Your instructions - When you transcribe the lines below, keep every word the same and leave the pictures behind.

Given data -
============
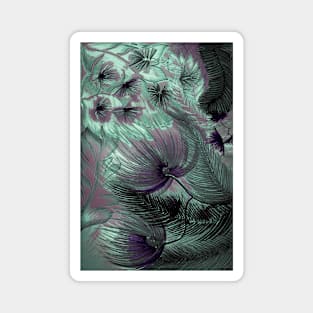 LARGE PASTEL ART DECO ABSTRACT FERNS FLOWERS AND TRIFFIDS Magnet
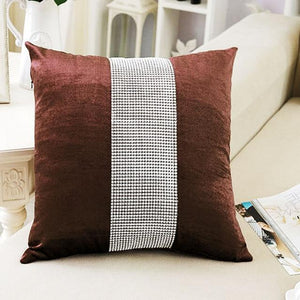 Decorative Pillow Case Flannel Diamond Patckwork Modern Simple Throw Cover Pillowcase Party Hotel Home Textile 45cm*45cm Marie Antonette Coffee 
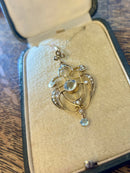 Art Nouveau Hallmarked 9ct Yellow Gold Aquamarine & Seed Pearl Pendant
============
Task response -
 LARGE PASTEL ART DECO ABSTRACT FERNS FLOWERS AND TRIFFIDS Magnet
 Decorative Pillow Case Flannel Diamond Patckwork Modern Simple Throw Cover Pillowcase Party Hotel Home Textile 45cm*45cm Marie Antonette Coffee 
 Art Nouveau Hallmarked 9ct Yellow Gold Aquamarine & Seed Pearl Pendant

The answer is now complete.